--- START ---

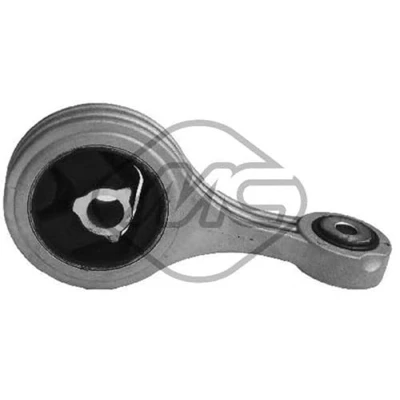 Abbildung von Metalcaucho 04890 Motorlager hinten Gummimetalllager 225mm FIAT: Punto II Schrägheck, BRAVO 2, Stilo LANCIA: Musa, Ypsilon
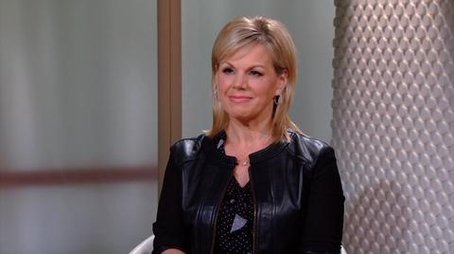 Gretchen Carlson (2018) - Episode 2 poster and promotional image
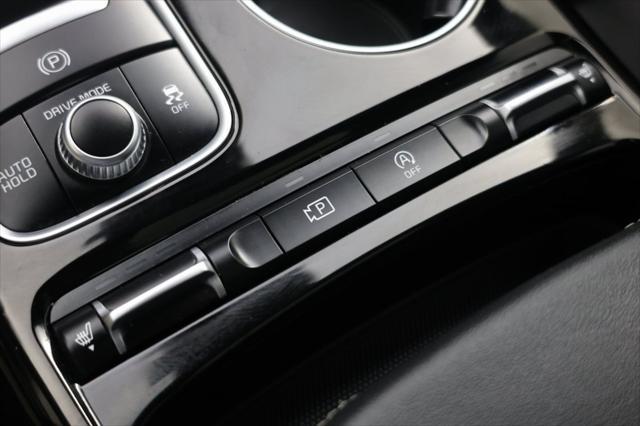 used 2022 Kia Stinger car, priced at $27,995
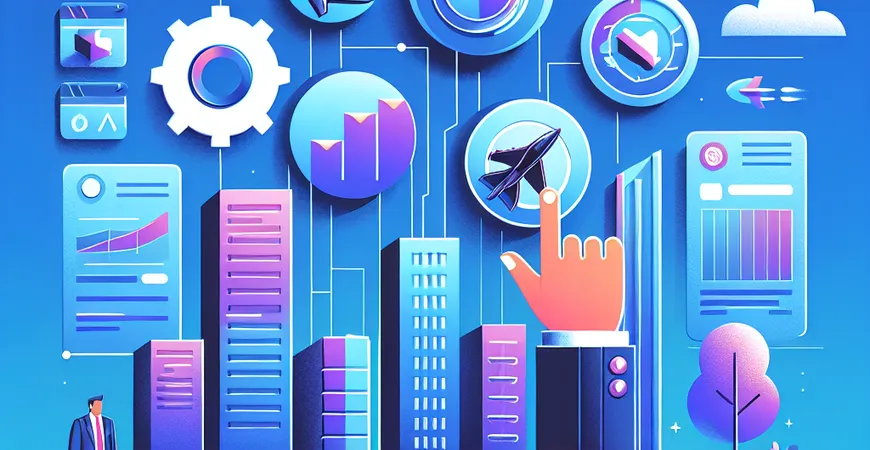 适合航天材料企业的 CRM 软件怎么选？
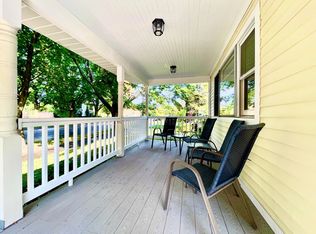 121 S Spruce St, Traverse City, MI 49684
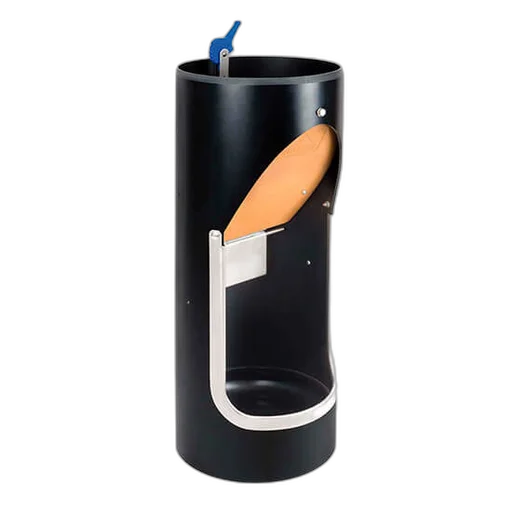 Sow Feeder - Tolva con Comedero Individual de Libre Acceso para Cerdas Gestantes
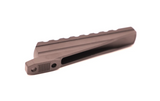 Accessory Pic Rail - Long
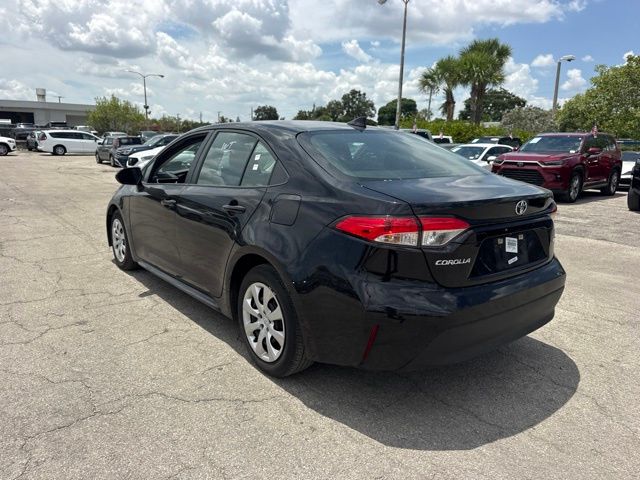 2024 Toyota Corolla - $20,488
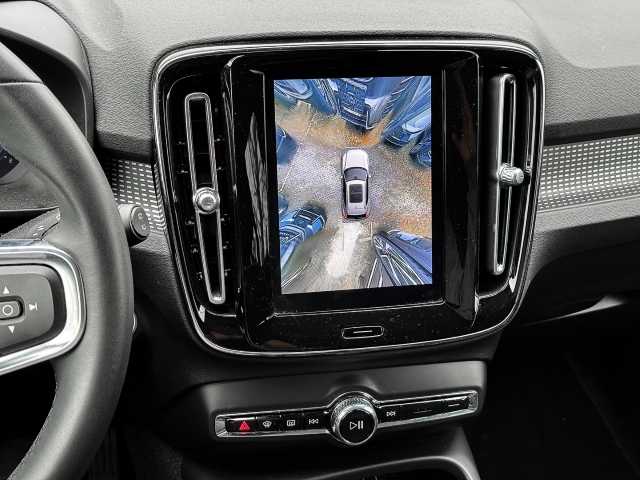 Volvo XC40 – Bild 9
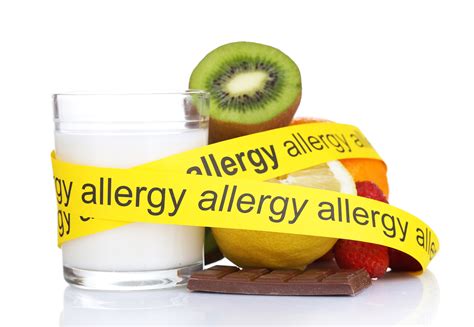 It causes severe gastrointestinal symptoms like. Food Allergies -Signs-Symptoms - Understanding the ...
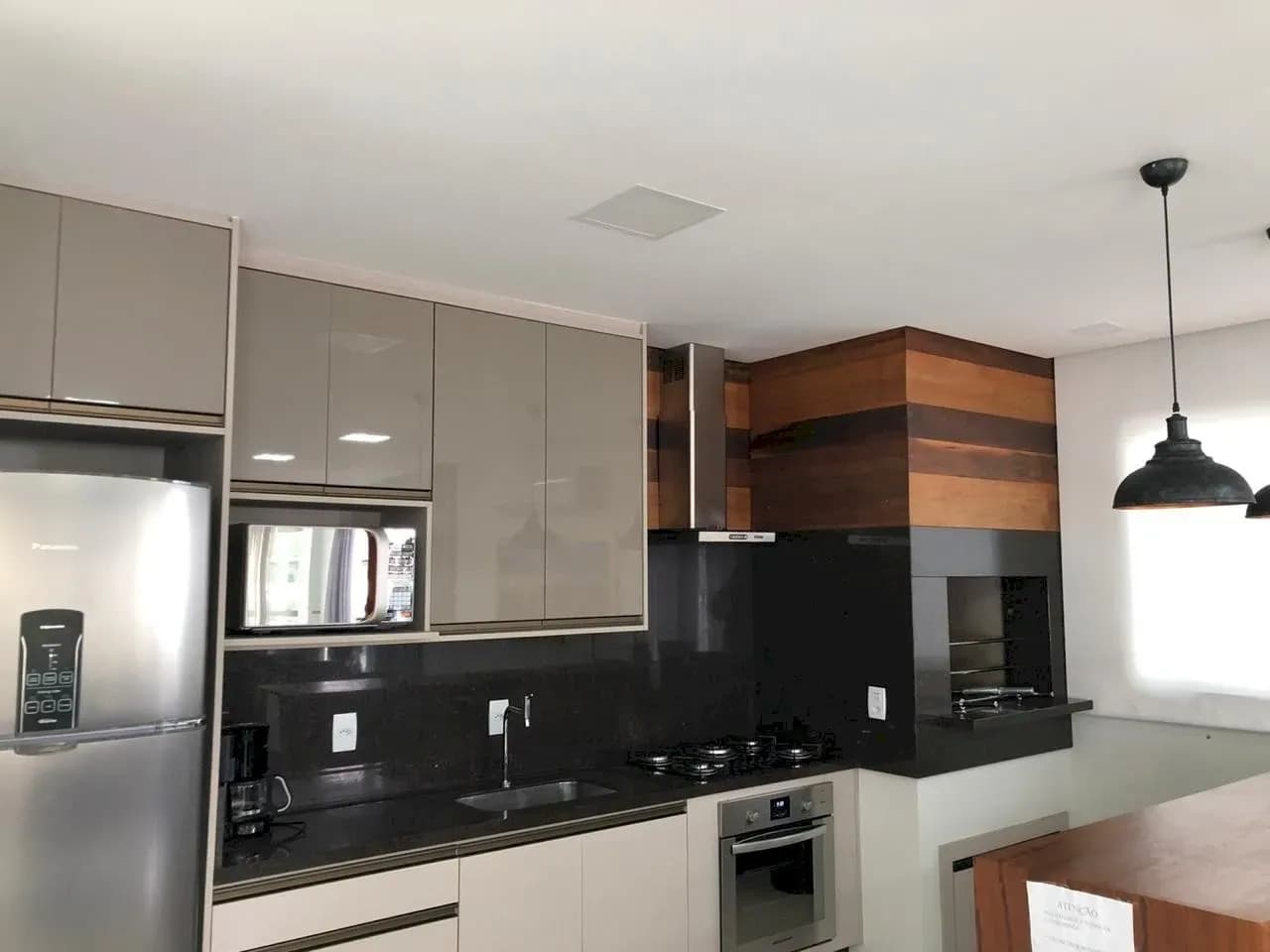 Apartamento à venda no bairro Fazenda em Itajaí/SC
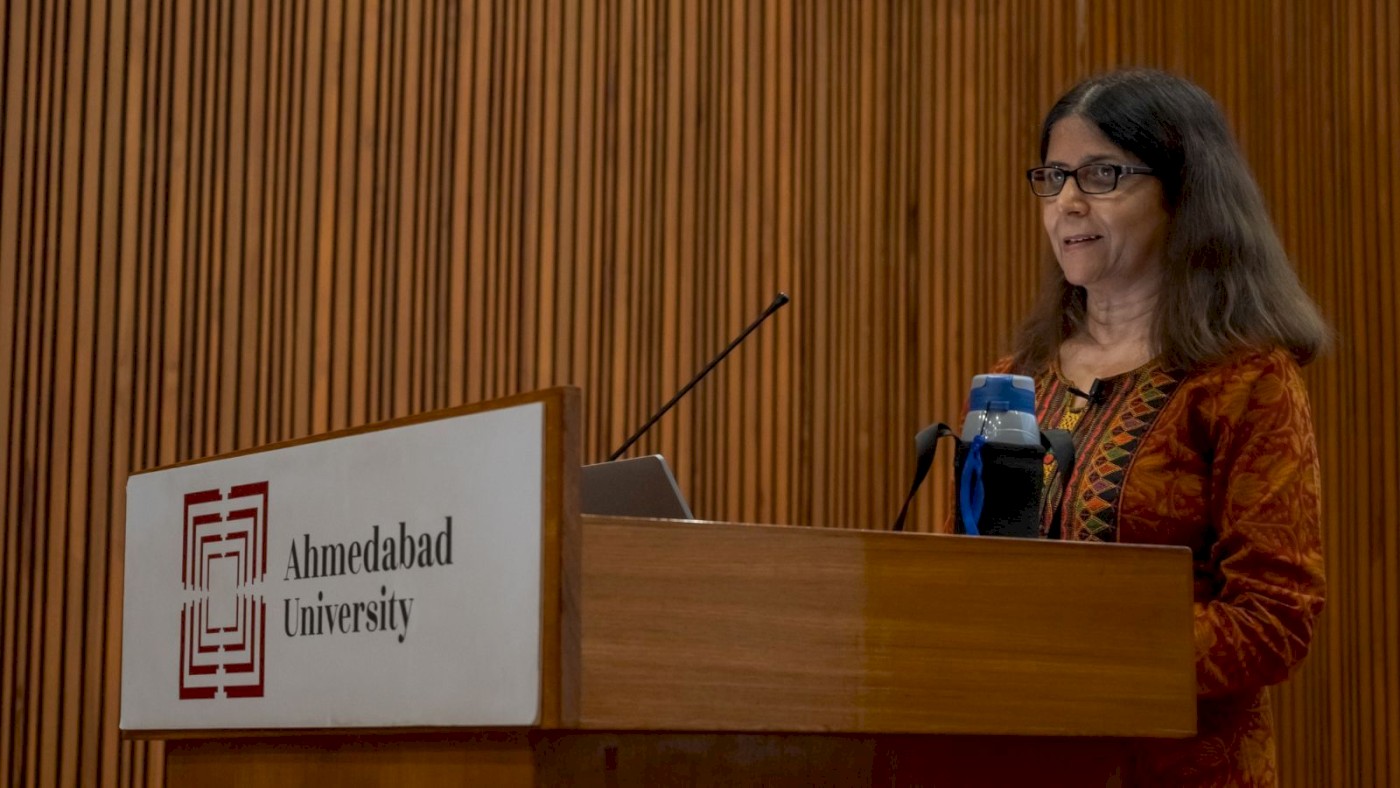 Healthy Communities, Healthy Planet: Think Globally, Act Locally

--- END ---

**Problem description**
What must be output is the exact run of lines from the one holding "适合航天材料企业的 CRM 软件怎么选？" through the end of the entries above, both ends included, minus the pictures.

**Task solution**
 适合航天材料企业的 CRM 软件怎么选？
 121 S Spruce St, Traverse City, MI 49684
 Sow Feeder - Tolva con Comedero Individual de Libre Acceso para Cerdas Gestantes
 Accessory Pic Rail - Long
 2024 Toyota Corolla - $20,488
 Volvo XC40 – Bild 9
 It causes severe gastrointestinal symptoms like. Food Allergies -Signs-Symptoms - Understanding the ...
 Apartamento à venda no bairro Fazenda em Itajaí/SC
 Healthy Communities, Healthy Planet: Think Globally, Act Locally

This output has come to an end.